Samara yang memperhatikannya jadi heran. “Kenapa, Mbok?”

“Duh, saking sudah lama banget, si Mbok ndak terlalu ingat sih. Tapi pernah dengar selentingan dari beberapa sentono di sana. Katanya itu tempat buat nyimpen peninggalan berharganya para leluhur sakti di tanah Jawa.”

“Jadi lokasinya di mana?” tanya Samara, memburunya.

Si Mbok malah menatapnya kaget. “Loh, memangnya Ndoro Djenar enggak ngasih tahu toh tempatnya di mana? Cuma ngasih kuncinya, tok?”

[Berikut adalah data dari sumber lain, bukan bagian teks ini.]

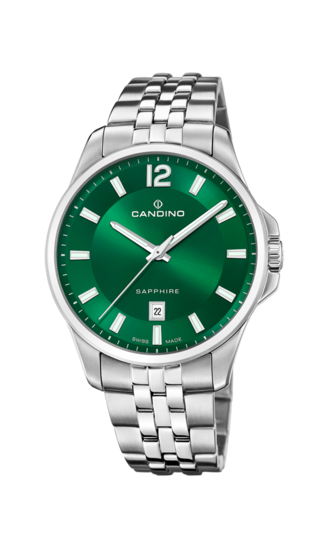 Grüner MännerSchweizer Uhr CANDINO GENTS CLASSIC TIMELESS. C4764/3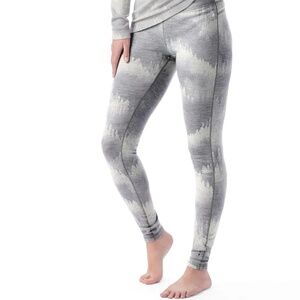 Smartwool Classic Thermal Base Layer Bottom Light Gray Foggy Pines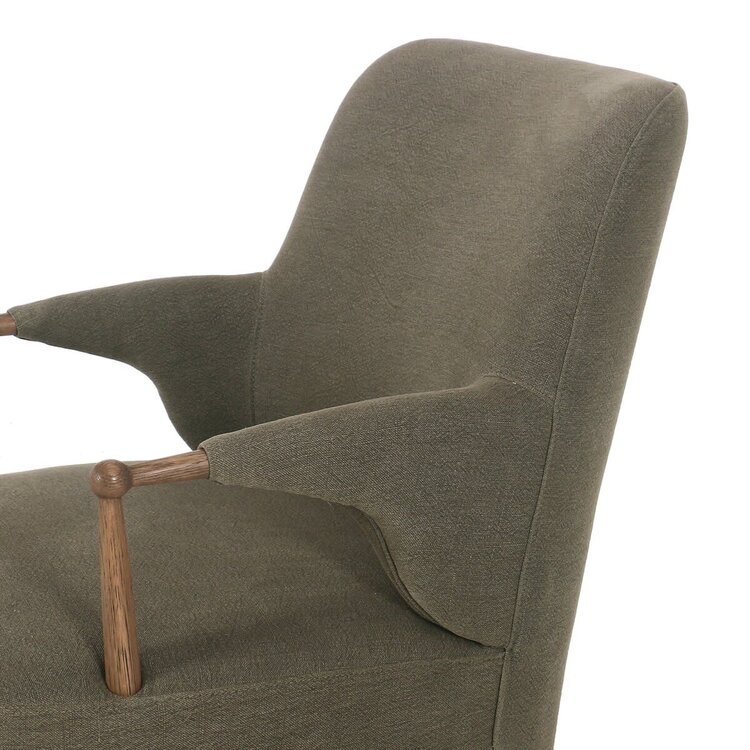 Brently Chair- Broadway Olive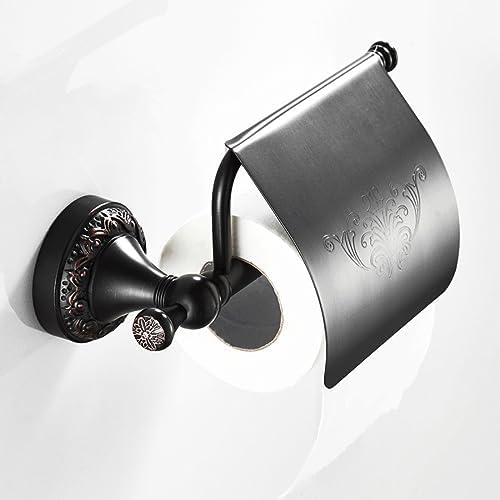 Stylish Black Danube Copper Towel Rack Space-Saving Bathroom hardware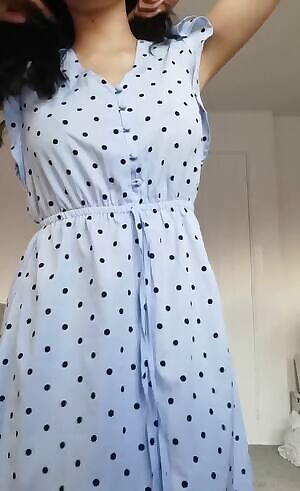 Blue dress, blue panties - blue balls? 😉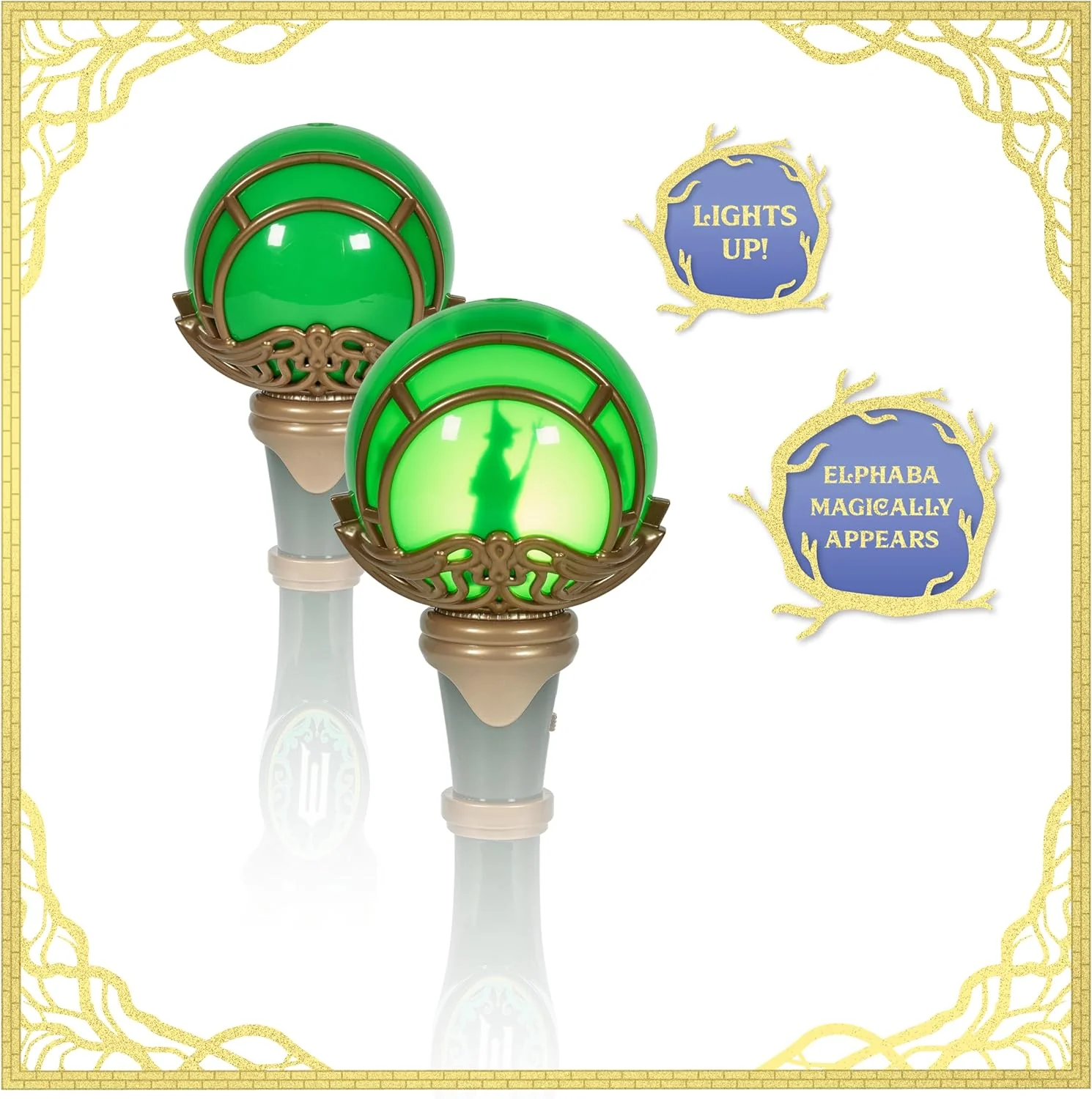 Lights & Sounds Bubble Wand | Wicked Elphaba - Image 5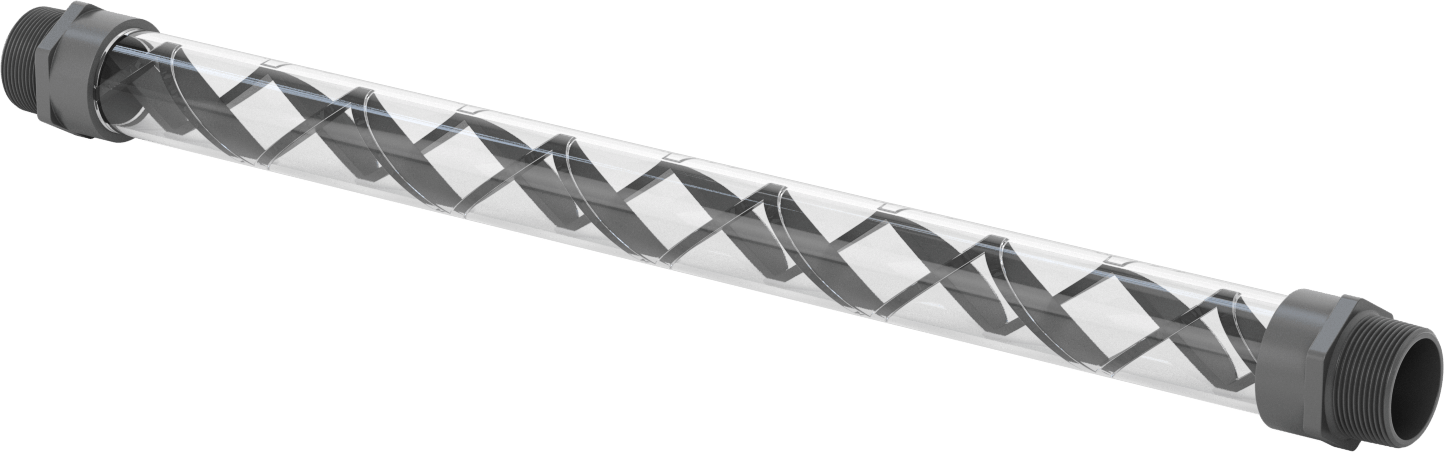PVC Hat Üstü Boru Karıştırıcı, 12 Bıçaklı, 1-1/2 NPT Erkek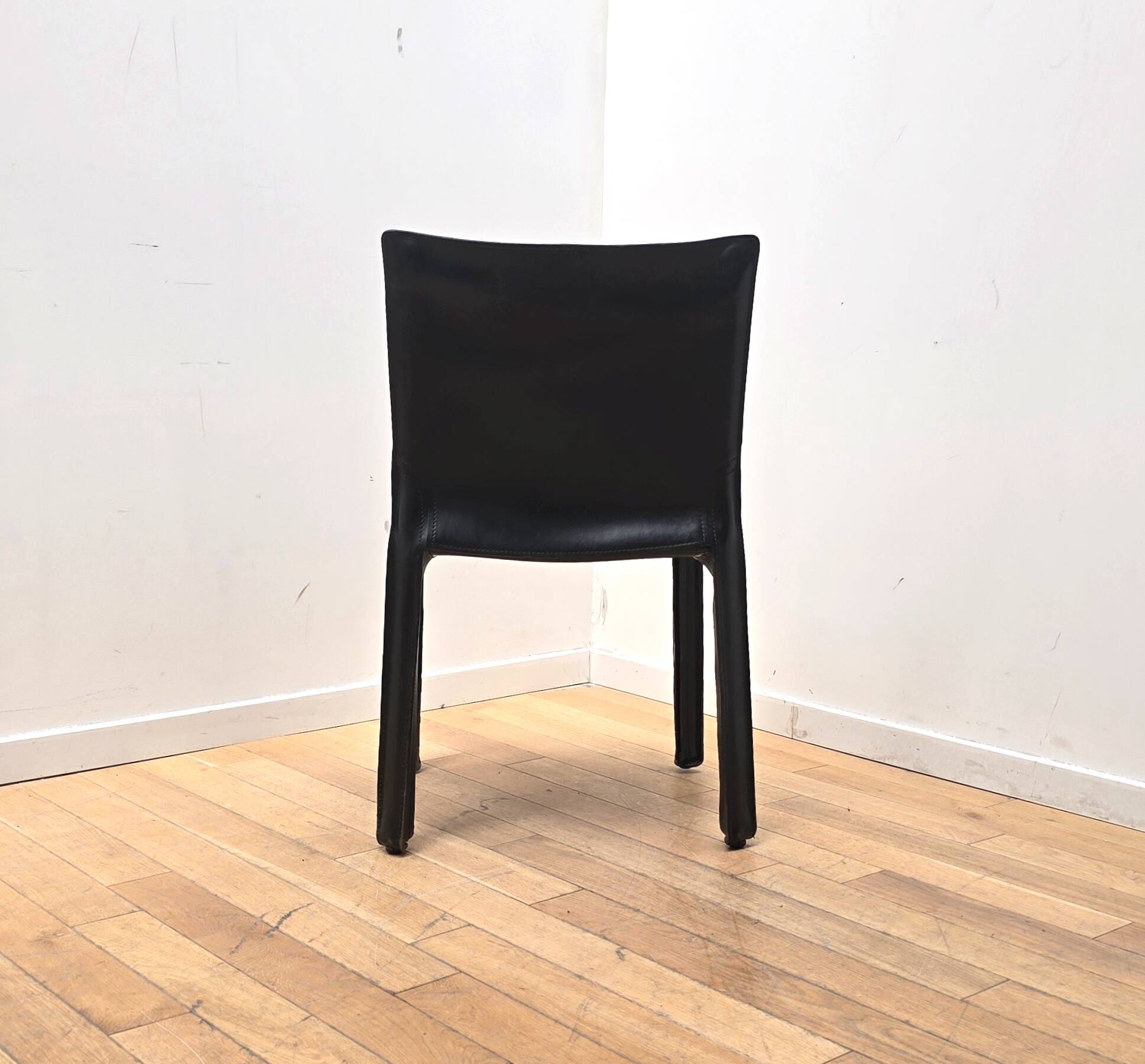 Set of 6 CAB 412 chairs, Cassina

“Ngasih tahu sih, tapi enggak jelas. Cuman ngomong kalau tempatnya bukan di alam kita,” tutur Samara. “Masa’ ada kunci fisiknya, tapi tempatnya malah enggak kasat mata, ya?”

“Kalau orang jaman dulu, omongan begitu dijadikan kisah untuk menyembunyikan harta karun. Makanya njelimet kalau ada yang mau cari jejak lokasi yang sebenarnya,” ujar si Mbok.